Introduction
In their book R for Data Science, Wickham and Grolemund introduce the various stages of ‘data wrangling’ that go into analysis. A graphical portrayal of those stages, taken from their book, is below.
Amongst those stages is visualisation. Visualisation is used for communication – to communicate important features of the data such as their distribution or the relationship between variables. Often we think of that communication as being to an audience – the readers of an academic paper or a policy report, for example. But equally important is communication to ourselves as analysts, as we use visual tools (as well as other methods such as descriptive statistics) to help us to explore and to understand the data.
We already have learned that there is often more than one way of doing things in R and that is true of producing graphics too. R comes with the core graphics package. Open the index for that package by running the snippet of code below and have a look at some of the plots available:
help(package = "graphics")
Now modify (add to) the following block of code to produce a box plot of the variable \(y\). See if you can get the box plot to span horizontally instead of vertically across the screen. you might find the help file, help(boxplot), useful.
y <- c(1:10, 12, 15, 20)
# Replace this comment with your own code
ggplot2
A different approach – initially harder to use but good for producing publishable graphics - is to the use the ggplot2 package:
# If package is not installed then install it
if(!"ggplot2" %in% installed.packages()) install.packages("ggplot2")
# Load / require the package
require(ggplot2)
The most comprehensive book for learning ggplot2 is (again) Hadley Wickham’s. However, a number of shorter tutorials can be found online, including this one.
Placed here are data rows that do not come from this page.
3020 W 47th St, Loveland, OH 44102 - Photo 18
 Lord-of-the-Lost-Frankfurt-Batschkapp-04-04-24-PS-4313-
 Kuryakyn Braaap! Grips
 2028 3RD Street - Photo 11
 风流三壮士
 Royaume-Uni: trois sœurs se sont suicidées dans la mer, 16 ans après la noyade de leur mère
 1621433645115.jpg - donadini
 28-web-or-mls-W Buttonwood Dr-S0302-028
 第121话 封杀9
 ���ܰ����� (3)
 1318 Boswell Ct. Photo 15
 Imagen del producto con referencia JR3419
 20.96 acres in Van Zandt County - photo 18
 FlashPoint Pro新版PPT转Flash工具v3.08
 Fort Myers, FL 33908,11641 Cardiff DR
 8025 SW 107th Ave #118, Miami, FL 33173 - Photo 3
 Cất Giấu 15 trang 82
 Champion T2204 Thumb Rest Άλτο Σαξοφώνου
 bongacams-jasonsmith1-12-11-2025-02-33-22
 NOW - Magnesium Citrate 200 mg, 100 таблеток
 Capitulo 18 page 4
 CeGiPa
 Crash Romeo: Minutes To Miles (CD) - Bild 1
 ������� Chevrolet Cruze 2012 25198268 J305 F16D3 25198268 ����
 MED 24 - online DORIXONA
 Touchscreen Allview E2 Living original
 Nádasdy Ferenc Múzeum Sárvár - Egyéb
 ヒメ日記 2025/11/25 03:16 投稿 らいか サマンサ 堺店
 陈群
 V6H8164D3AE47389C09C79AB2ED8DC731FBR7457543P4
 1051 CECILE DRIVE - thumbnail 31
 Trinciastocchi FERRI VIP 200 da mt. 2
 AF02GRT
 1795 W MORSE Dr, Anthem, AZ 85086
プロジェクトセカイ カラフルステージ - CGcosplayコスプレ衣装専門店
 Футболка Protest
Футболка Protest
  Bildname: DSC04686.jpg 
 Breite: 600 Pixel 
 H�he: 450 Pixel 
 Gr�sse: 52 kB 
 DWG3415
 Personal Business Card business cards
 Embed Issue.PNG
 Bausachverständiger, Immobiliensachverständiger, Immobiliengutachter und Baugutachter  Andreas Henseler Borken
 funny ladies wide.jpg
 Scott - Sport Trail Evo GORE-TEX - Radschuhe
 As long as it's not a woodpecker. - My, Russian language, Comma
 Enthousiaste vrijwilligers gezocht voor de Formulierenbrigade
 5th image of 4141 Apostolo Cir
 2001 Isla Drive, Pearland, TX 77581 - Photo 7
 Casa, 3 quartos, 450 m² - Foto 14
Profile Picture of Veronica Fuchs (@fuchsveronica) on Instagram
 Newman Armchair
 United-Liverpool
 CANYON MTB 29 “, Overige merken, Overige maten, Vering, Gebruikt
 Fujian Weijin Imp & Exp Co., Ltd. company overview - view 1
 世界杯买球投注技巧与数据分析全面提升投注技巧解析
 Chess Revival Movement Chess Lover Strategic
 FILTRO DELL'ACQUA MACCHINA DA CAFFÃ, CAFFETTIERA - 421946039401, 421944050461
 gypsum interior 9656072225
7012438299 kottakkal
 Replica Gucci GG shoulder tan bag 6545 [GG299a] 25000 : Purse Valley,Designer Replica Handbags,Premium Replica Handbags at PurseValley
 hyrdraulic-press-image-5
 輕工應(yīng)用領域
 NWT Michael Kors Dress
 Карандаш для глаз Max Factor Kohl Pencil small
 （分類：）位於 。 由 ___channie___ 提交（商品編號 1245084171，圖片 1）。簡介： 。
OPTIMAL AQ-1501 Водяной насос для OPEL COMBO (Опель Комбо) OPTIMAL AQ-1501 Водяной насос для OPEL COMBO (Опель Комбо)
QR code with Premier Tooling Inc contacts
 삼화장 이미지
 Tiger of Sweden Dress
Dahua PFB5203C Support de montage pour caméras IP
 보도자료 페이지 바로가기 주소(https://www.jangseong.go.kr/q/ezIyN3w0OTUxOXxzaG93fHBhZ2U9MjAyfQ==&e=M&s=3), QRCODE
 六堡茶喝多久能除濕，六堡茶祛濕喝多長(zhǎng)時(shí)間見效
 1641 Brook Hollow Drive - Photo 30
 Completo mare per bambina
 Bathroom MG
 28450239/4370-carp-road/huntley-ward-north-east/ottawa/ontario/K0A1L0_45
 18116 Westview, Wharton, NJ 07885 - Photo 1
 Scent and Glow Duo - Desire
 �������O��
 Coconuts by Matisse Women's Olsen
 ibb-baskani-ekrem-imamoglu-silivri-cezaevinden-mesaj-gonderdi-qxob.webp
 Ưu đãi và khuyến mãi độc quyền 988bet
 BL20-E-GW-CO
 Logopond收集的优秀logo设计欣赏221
Another notes that there are basically three steps to producing a plot using ggplot2, that last of which is optional. These are:
- specify the aesthetic, which is what you want to graph
- choose one of more geoms, which is how you want to graph it
- add some options, such as labelling or the theme (style), and so forth.
So, for a box plot of \(y\), \(y\) is the aesthetic, boxplot is the geom. The only complication is that ggplot2 will want \(y\) to be part of a data frame:
mydata <- data.frame(y = y)
ggplot(mydata, aes(x = "", y = y)) +
geom_boxplot()
Actually, if you look again at the code, you will find there are two aesthetics, \(x\) and \(y\). This is because boxplots are often used to compare groups (categories) of data and \(x\) is the grouping variables. We can demonstrate this will some ‘in-built’ data that comes with ggplot2.
data(mpg)
ggplot(mpg, aes(x = class, y = hwy)) +
geom_boxplot() +
ylab("Miles per gallon") +
coord_flip() +
theme_minimal()
Note that in the example above, some options have been added: specifically, changing the axis title on one axis, flipping the coordinates (so the boxplots spread horizontally not vertically) and using a more minimal theme. A useful cheatsheet for ggplot2 is available. Use it to modify the following code chunk to produce a scatterplot with hwy as the \(Y\) variable and cty as the \(X\) variable, and add a regression line of best fit to the plot. See if you can get the regression line to be plotted without a confidence interval around it.
# Replace this comment with your own code
A useful feature of ggplot2 is its ability to facet. Say, for example, we wanted a dotplot showing the distribution of the fuel efficiency (hwy) statistics for each class of vehicle:
ggplot(data = mpg, aes(hwy)) +
geom_dotplot() +
facet_wrap(~ class)
If we wanted, we could also colour each dot by the year of manufacture. Trying running the following code block first as a whole and then without the bottom line - what changes?
ggplot(data = mpg, aes(hwy)) +
geom_dotplot(aes(fill = factor(year))) +
facet_wrap(~ class) +
scale_fill_manual(name = "year", values = c("white", "black"))
The function ggsave can be used to save the last plot, as in the example below. Take a look at the help menu (type ?ggsave in the Console) to learn how to change the file format, size of the graphic, resolution, and other options.
ggsave("myplot.pdf")
Spatial visualisation
From a geographical perspective, what often is of interest is geographical (spatial) variation - i.e. ‘what is where?’. This might focus on geographical clustering (similar things being found in close proximity to each other) and/or geographical heterogeneity (different things being found in different sub-regions). The principle tool for visualising these spatial patterns and variations is, of course, a map.
Introducing tmap
One way to draw maps in R is to use the tmap package where the t is short for thematic - i.e. it is a package for producing thematic maps.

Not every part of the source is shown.